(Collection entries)
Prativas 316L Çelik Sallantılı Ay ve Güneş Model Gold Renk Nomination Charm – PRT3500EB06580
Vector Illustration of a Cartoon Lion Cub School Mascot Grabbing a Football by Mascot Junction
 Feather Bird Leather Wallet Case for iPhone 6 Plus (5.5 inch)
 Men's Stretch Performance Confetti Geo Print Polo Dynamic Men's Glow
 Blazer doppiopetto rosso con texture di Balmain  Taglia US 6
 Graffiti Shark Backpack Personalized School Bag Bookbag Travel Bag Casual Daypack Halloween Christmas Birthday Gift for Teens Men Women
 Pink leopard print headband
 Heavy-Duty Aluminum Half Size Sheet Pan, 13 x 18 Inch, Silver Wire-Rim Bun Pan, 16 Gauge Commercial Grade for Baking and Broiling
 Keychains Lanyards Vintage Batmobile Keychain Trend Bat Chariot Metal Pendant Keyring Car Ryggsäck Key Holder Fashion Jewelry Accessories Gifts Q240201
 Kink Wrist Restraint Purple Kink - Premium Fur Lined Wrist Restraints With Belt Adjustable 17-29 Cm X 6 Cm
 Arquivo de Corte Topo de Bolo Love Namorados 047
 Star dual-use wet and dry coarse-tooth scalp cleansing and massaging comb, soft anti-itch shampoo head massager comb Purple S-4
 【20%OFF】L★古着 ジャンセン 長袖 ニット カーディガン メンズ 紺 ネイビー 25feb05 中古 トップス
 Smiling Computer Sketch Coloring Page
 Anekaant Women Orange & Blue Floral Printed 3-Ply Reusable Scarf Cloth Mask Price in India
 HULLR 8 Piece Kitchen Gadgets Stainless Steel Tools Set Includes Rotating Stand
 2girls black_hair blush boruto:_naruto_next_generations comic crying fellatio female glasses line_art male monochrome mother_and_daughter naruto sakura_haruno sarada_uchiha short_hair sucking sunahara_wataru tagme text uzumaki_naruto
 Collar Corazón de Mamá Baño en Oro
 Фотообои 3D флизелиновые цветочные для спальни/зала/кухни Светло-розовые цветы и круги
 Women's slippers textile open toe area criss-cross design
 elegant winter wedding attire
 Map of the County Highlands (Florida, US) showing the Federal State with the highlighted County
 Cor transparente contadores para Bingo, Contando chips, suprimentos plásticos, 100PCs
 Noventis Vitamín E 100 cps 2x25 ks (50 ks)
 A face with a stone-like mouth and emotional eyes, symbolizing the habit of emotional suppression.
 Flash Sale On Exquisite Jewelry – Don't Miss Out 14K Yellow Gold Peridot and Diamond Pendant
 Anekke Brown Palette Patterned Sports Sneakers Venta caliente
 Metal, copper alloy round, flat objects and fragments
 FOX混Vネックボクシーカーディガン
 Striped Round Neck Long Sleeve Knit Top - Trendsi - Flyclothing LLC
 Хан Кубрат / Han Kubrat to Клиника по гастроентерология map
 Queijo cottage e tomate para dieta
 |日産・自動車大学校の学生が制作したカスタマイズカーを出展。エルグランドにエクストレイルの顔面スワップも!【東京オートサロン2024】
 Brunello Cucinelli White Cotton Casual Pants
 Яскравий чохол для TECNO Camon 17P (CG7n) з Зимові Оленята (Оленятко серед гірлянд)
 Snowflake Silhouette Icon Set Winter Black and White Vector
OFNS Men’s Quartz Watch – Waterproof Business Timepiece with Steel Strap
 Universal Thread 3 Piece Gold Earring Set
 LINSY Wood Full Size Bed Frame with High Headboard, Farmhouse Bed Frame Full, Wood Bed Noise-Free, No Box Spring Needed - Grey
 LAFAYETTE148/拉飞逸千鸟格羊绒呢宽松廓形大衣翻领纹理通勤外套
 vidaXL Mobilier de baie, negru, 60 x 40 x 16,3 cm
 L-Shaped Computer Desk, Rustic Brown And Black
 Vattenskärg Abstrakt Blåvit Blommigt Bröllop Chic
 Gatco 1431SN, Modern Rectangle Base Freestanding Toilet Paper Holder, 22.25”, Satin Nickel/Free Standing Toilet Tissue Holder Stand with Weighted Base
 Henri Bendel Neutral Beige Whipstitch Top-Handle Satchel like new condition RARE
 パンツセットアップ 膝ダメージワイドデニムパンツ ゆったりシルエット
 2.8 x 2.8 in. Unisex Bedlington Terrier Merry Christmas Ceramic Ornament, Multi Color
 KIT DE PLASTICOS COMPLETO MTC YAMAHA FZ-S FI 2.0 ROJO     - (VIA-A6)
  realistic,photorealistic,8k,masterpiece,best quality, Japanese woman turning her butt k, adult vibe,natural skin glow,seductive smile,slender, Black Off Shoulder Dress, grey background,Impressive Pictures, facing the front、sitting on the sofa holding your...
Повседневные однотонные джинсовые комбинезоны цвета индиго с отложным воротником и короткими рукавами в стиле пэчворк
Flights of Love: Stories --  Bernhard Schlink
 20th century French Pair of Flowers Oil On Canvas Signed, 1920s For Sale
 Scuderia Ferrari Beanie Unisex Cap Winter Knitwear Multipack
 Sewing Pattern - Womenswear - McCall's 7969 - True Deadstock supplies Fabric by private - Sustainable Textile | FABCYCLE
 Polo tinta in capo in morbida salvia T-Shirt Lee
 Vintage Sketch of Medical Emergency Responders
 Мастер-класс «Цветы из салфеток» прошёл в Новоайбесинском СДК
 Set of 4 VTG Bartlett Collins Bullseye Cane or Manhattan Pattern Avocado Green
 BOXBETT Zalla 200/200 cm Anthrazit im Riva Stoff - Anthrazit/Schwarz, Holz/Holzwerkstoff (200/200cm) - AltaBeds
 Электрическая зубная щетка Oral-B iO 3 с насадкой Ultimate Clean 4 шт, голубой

Task brief:
Reproduce the data exactly, character for character.

Response below:
Prativas 316L Çelik Sallantılı Ay ve Güneş Model Gold Renk Nomination Charm – PRT3500EB06580
Vector Illustration of a Cartoon Lion Cub School Mascot Grabbing a Football by Mascot Junction
 Feather Bird Leather Wallet Case for iPhone 6 Plus (5.5 inch)
 Men's Stretch Performance Confetti Geo Print Polo Dynamic Men's Glow
 Blazer doppiopetto rosso con texture di Balmain  Taglia US 6
 Graffiti Shark Backpack Personalized School Bag Bookbag Travel Bag Casual Daypack Halloween Christmas Birthday Gift for Teens Men Women
 Pink leopard print headband
 Heavy-Duty Aluminum Half Size Sheet Pan, 13 x 18 Inch, Silver Wire-Rim Bun Pan, 16 Gauge Commercial Grade for Baking and Broiling
 Keychains Lanyards Vintage Batmobile Keychain Trend Bat Chariot Metal Pendant Keyring Car Ryggsäck Key Holder Fashion Jewelry Accessories Gifts Q240201
 Kink Wrist Restraint Purple Kink - Premium Fur Lined Wrist Restraints With Belt Adjustable 17-29 Cm X 6 Cm
 Arquivo de Corte Topo de Bolo Love Namorados 047
 Star dual-use wet and dry coarse-tooth scalp cleansing and massaging comb, soft anti-itch shampoo head massager comb Purple S-4
 【20%OFF】L★古着 ジャンセン 長袖 ニット カーディガン メンズ 紺 ネイビー 25feb05 中古 トップス
 Smiling Computer Sketch Coloring Page
 Anekaant Women Orange & Blue Floral Printed 3-Ply Reusable Scarf Cloth Mask Price in India
 HULLR 8 Piece Kitchen Gadgets Stainless Steel Tools Set Includes Rotating Stand
 2girls black_hair blush boruto:_naruto_next_generations comic crying fellatio female glasses line_art male monochrome mother_and_daughter naruto sakura_haruno sarada_uchiha short_hair sucking sunahara_wataru tagme text uzumaki_naruto
 Collar Corazón de Mamá Baño en Oro
 Фотообои 3D флизелиновые цветочные для спальни/зала/кухни Светло-розовые цветы и круги
 Women's slippers textile open toe area criss-cross design
 elegant winter wedding attire
 Map of the County Highlands (Florida, US) showing the Federal State with the highlighted County
 Cor transparente contadores para Bingo, Contando chips, suprimentos plásticos, 100PCs
 Noventis Vitamín E 100 cps 2x25 ks (50 ks)
 A face with a stone-like mouth and emotional eyes, symbolizing the habit of emotional suppression.
 Flash Sale On Exquisite Jewelry – Don't Miss Out 14K Yellow Gold Peridot and Diamond Pendant
 Anekke Brown Palette Patterned Sports Sneakers Venta caliente
 Metal, copper alloy round, flat objects and fragments
 FOX混Vネックボクシーカーディガン
 Striped Round Neck Long Sleeve Knit Top - Trendsi - Flyclothing LLC
 Хан Кубрат / Han Kubrat to Клиника по гастроентерология map
 Queijo cottage e tomate para dieta
 |日産・自動車大学校の学生が制作したカスタマイズカーを出展。エルグランドにエクストレイルの顔面スワップも!【東京オートサロン2024】
 Brunello Cucinelli White Cotton Casual Pants
 Яскравий чохол для TECNO Camon 17P (CG7n) з Зимові Оленята (Оленятко серед гірлянд)
 Snowflake Silhouette Icon Set Winter Black and White Vector
OFNS Men’s Quartz Watch – Waterproof Business Timepiece with Steel Strap
 Universal Thread 3 Piece Gold Earring Set
 LINSY Wood Full Size Bed Frame with High Headboard, Farmhouse Bed Frame Full, Wood Bed Noise-Free, No Box Spring Needed - Grey
 LAFAYETTE148/拉飞逸千鸟格羊绒呢宽松廓形大衣翻领纹理通勤外套
 vidaXL Mobilier de baie, negru, 60 x 40 x 16,3 cm
 L-Shaped Computer Desk, Rustic Brown And Black
 Vattenskärg Abstrakt Blåvit Blommigt Bröllop Chic
 Gatco 1431SN, Modern Rectangle Base Freestanding Toilet Paper Holder, 22.25”, Satin Nickel/Free Standing Toilet Tissue Holder Stand with Weighted Base
 Henri Bendel Neutral Beige Whipstitch Top-Handle Satchel like new condition RARE
 パンツセットアップ 膝ダメージワイドデニムパンツ ゆったりシルエット
 2.8 x 2.8 in. Unisex Bedlington Terrier Merry Christmas Ceramic Ornament, Multi Color
 KIT DE PLASTICOS COMPLETO MTC YAMAHA FZ-S FI 2.0 ROJO     - (VIA-A6)
  realistic,photorealistic,8k,masterpiece,best quality, Japanese woman turning her butt k, adult vibe,natural skin glow,seductive smile,slender, Black Off Shoulder Dress, grey background,Impressive Pictures, facing the front、sitting on the sofa holding your...
Повседневные однотонные джинсовые комбинезоны цвета индиго с отложным воротником и короткими рукавами в стиле пэчворк
Flights of Love: Stories --  Bernhard Schlink
 20th century French Pair of Flowers Oil On Canvas Signed, 1920s For Sale
 Scuderia Ferrari Beanie Unisex Cap Winter Knitwear Multipack
 Sewing Pattern - Womenswear - McCall's 7969 - True Deadstock supplies Fabric by private - Sustainable Textile | FABCYCLE
 Polo tinta in capo in morbida salvia T-Shirt Lee
 Vintage Sketch of Medical Emergency Responders
 Мастер-класс «Цветы из салфеток» прошёл в Новоайбесинском СДК
 Set of 4 VTG Bartlett Collins Bullseye Cane or Manhattan Pattern Avocado Green
 BOXBETT Zalla 200/200 cm Anthrazit im Riva Stoff - Anthrazit/Schwarz, Holz/Holzwerkstoff (200/200cm) - AltaBeds
 Электрическая зубная щетка Oral-B iO 3 с насадкой Ultimate Clean 4 шт, голубой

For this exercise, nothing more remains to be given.